Back in 1949 the only historical journals of national and regional scope in this country were academic, fearful of popularity, and largely dull. The state historical magazines were smaller imitations of these few bellwethers. Illustrations were carefully avoided. The American Association for State and Local History decided to demonstrate that American history could be made readable and colorful without sacrificing accuracy, substance, or even profundity. The initial concept was the idea of Earle Newton of the Vermont Historical Society and the late S. K. Stevens of the Pennsylvania Historical Commission. 1 was drawn in with them, then being secretary of the Indiana Historical Society and a writer of history. We tapped a few others of our colleagues, begged and borrowed color plates, and on the proverbial shoestring launched American Heritage in September 1949 as a quarterly. We found a few academic historians who agreed with us that history did not need to be dull. The new magazine was encouragingly received in spite of the fact that we could not undertake a subscription campaign. Of course, most academic history departments ignored or casually dismissed the new voice for years.

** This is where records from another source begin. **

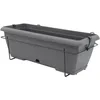 Image de Kit jardinière avec support en métal et plateau intégré - GARDEN ID Teramo - Noir-anth 50 cm - Effet de pierre - Recyclé/recyclable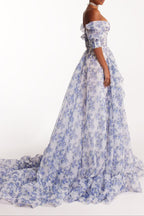 Blue Hydrangea Maxi Princess Dress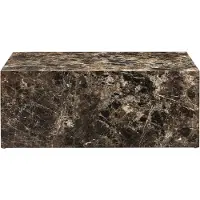SalesFever Couchtisch 90 x 60 cm | rechteckig | MDF foliert in Marmoroptik | B 90 x T 60 x H 35 cm | Braun
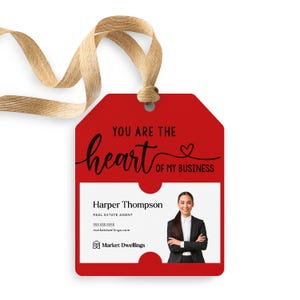 You are the Heart of My Business Gift Tag | Valentine's Pop By | Real Estate, Insurance, Mortgage Gift Tag | Insert business card | 17-GT001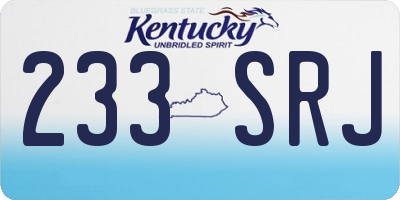KY license plate 233SRJ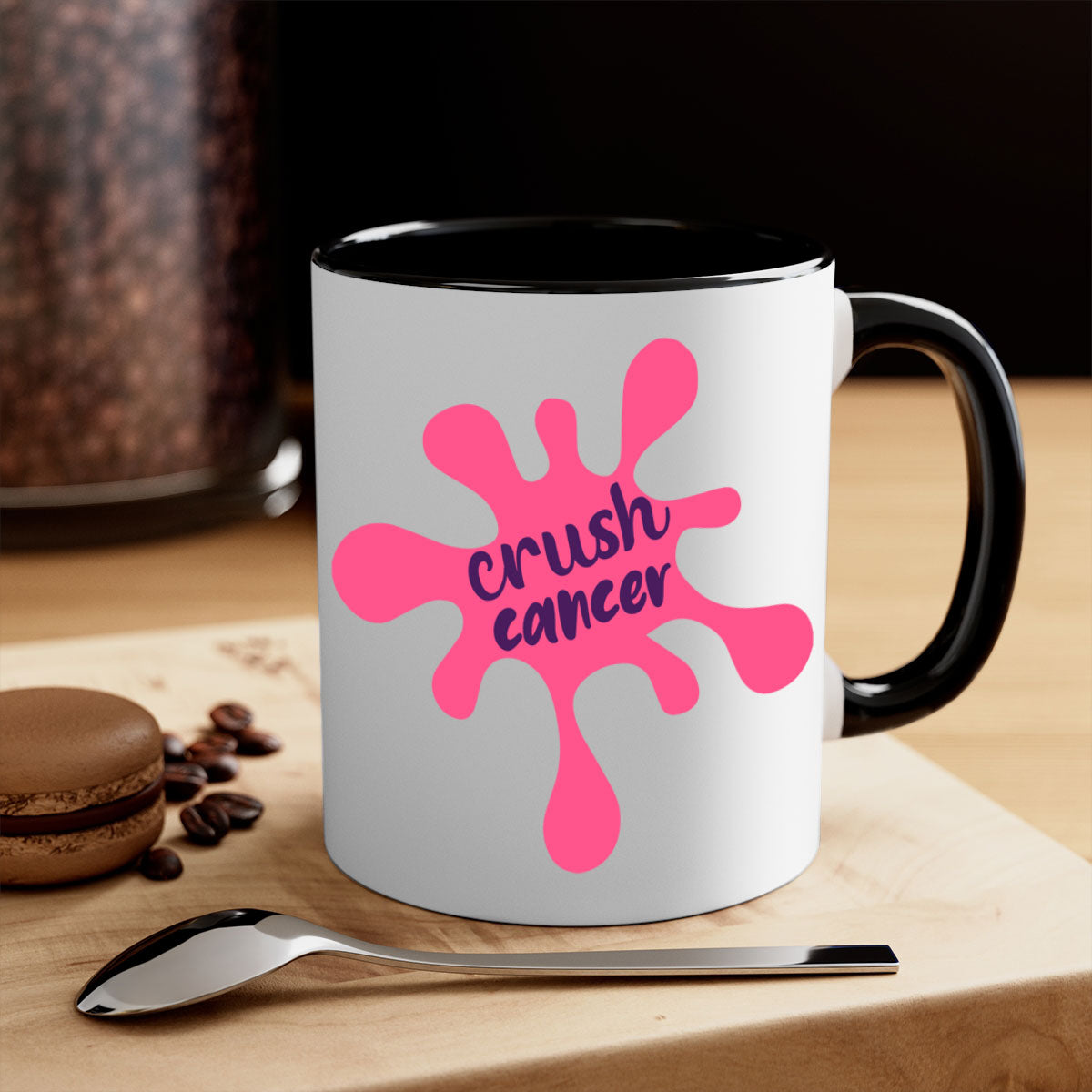 Crush Cancer Style 18# Mug featuring a glossy finish, colored handle, and interior, available in multiple colors and sizes.
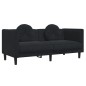 vidaXL 2-tlg. Sofagarnitur mit Kissen Schwarz Samt vidaXL 2-tlg. Sofagarnitur mit Kissen Schwarz Samt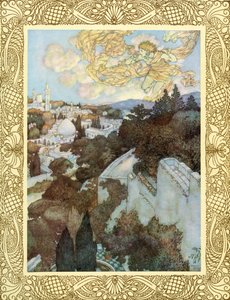 Ébredj! mert a nap a keleti magaslat mögött elűzte a csillagok ülését az éjszakából, illusztráció az 1909-ben megjelent "Omar Khayyam Rubaiyat"-ból (színes litográfia). alkotó: Edmund Dulac
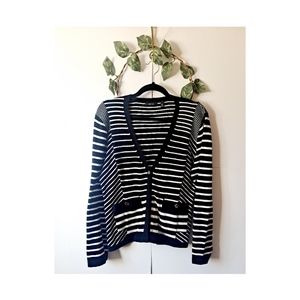 Carlisle XL Cardigan Knit Black and White Striped Button Closure NWOT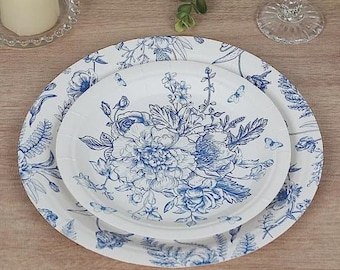 50 Pcs White Blue Vintage Floral Paper Plates with French Toile Pattern, Round Disposable Dinner and Dessert Plates - 7",9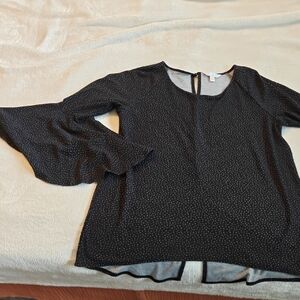 LC Lauren Conrad Black and White Polka Dot Bell Sleeve Blouse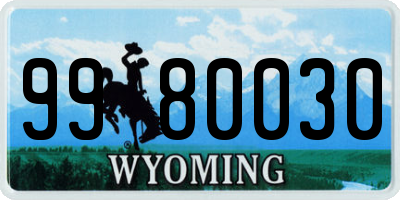 WY license plate 9980030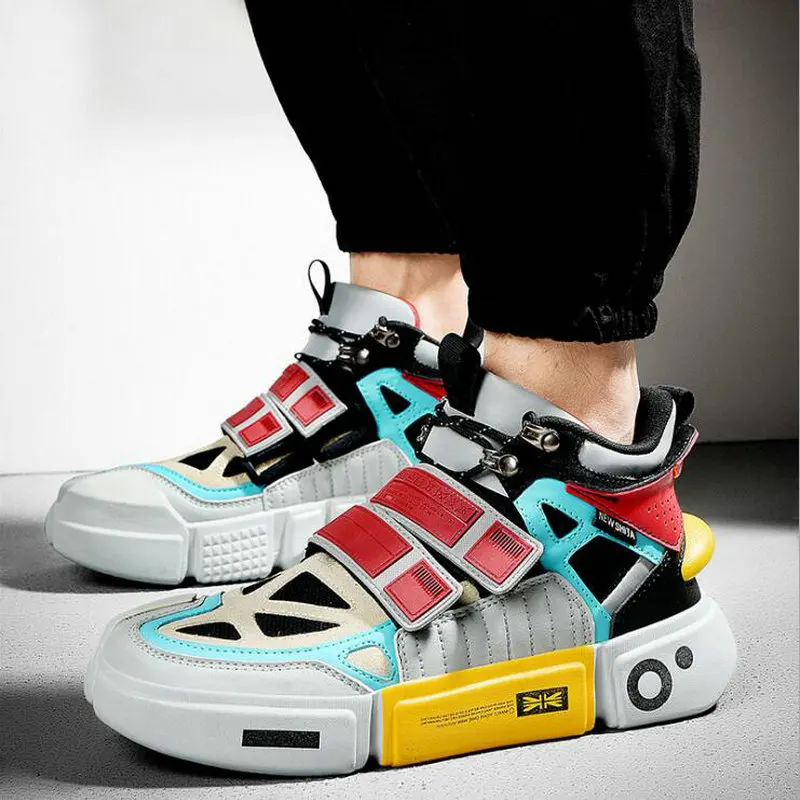 Модная дышащая легкая Уличная Повседневная обувь Мужские высокие кроссовки в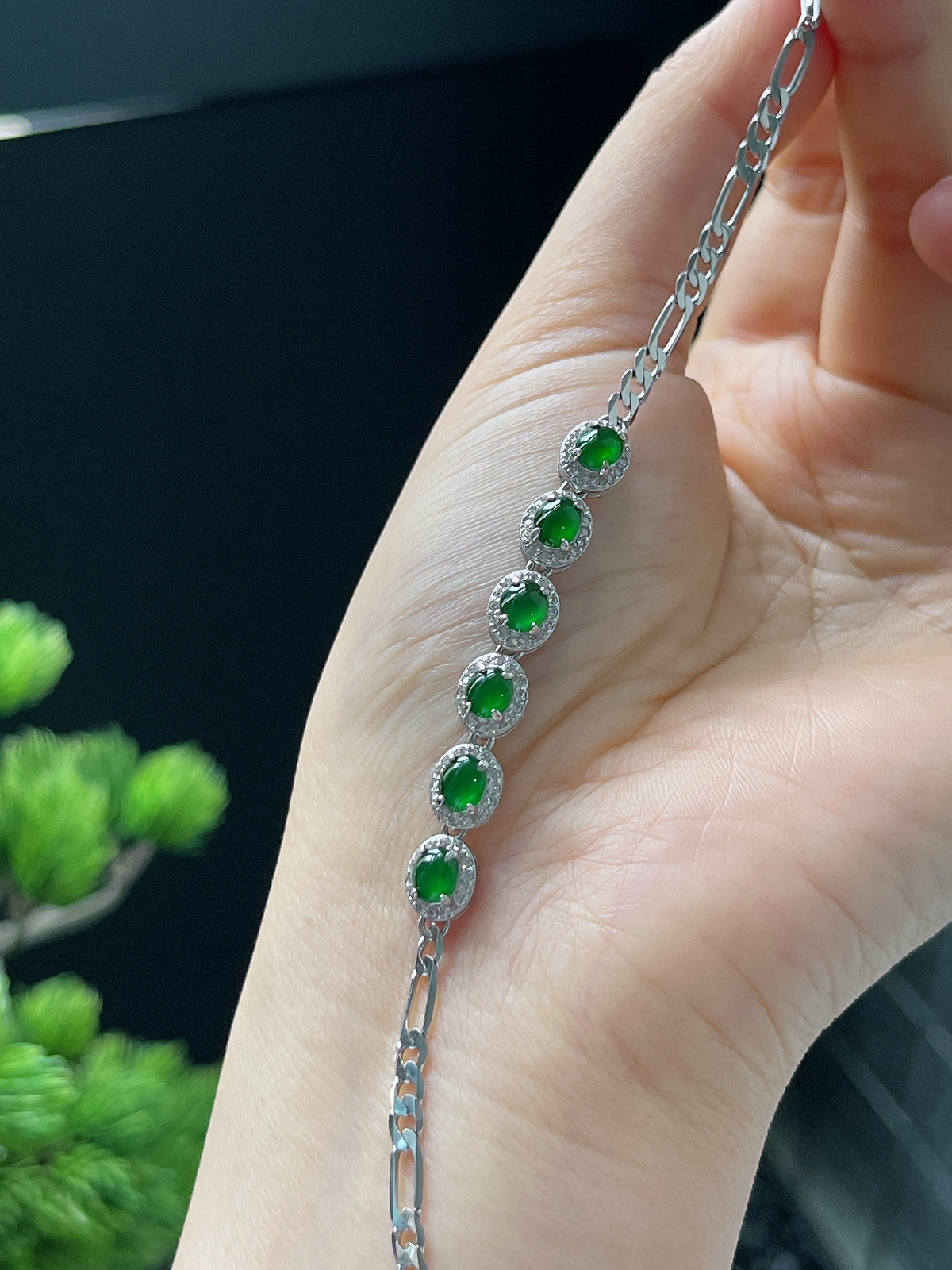 s925银 翡翠手链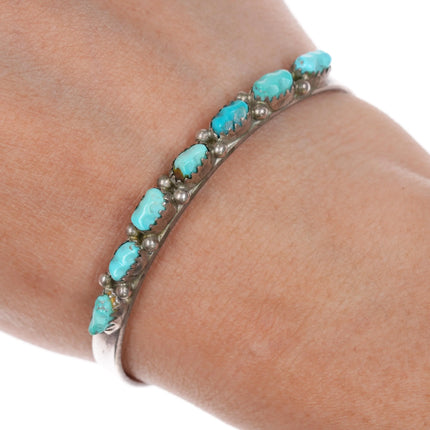 6.12" Vintage Zuni carved turquoise sterling silver cuff bracelet - Estate Fresh Austin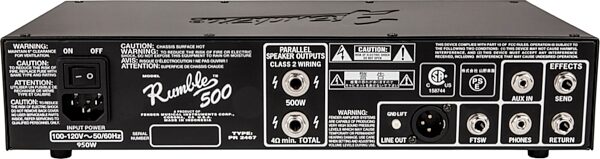 Fender Rumble 500 V3 Bass Amplifier Head (500 Watts), Rear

We persevered, but our success was strangling us. We all had regular jobs outside the magazine and we could not raise the funds needed to advertise it or hire a staff. We got up to a circulation of fifteen thousand in 1954, and we found a means to approach the Rockefeller Foundation. They politely informed us that publishing ventures did not appeal to them or to other foundations; they were admiring enough to refer us to Joseph J. Thorndike, Oliver Jensen, and James M. Parton, three young men with magazine experience who hoped to advise on badly managed house organs. They were immediately interested in American Heritage and its possibilities. Most important, they had access to money. Jim Parton took over as active publisher and hired Bruce Catton as editor. It was not a cash sale, but our Association was paid by receiving a royalty on sales. (We became the wealthiest historical society in the country.)
I am glad the Forbes family has taken over this responsibility with its continuing potential. I ended up as director of the Clements Library of American History at the University of Michigan and as a writer of history, my vision enlarged by my experience on American Heritage.